**Directions for this task**
Nothing but a number is wanted: the count of lines in the records below that include "Paperback".

Short web captions:
----

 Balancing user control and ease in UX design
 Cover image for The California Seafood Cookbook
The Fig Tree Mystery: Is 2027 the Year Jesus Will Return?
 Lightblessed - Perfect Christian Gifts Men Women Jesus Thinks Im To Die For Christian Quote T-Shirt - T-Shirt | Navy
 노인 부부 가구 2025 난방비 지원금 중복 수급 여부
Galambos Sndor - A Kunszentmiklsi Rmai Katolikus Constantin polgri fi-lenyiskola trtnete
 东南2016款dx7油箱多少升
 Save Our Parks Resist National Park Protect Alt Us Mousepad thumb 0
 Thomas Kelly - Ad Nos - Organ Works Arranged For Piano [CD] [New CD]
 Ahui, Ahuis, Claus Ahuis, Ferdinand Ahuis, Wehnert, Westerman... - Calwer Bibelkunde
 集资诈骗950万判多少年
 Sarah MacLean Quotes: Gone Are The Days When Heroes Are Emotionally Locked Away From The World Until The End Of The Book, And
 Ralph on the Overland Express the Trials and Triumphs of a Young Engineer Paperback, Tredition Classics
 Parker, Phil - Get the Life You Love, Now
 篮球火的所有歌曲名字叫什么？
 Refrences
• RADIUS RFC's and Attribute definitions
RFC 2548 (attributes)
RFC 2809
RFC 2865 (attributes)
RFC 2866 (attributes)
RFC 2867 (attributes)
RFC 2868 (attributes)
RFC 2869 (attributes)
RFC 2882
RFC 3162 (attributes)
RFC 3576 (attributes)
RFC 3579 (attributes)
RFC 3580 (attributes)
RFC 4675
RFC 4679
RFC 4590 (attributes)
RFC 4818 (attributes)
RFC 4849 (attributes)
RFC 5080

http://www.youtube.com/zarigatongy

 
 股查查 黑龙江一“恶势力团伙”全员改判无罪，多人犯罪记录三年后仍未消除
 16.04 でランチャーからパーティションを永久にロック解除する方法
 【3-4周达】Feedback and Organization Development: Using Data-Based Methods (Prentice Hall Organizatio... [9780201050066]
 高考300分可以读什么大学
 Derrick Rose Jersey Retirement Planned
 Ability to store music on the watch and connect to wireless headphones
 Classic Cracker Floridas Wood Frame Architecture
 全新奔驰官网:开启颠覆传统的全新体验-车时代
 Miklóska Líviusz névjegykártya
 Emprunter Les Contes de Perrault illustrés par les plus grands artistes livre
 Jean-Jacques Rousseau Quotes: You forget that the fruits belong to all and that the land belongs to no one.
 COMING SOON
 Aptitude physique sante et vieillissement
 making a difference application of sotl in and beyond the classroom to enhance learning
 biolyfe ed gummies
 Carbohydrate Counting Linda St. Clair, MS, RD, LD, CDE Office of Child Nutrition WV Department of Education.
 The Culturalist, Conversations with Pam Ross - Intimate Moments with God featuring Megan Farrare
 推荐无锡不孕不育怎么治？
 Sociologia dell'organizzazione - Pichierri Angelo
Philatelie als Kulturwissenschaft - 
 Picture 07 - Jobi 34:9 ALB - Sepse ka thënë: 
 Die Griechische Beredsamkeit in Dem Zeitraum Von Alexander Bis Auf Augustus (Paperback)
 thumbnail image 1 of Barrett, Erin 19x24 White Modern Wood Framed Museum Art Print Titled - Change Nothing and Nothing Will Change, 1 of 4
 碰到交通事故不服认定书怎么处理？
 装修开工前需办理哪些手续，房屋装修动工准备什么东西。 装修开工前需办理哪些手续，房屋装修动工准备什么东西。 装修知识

----

**Exercise response**
2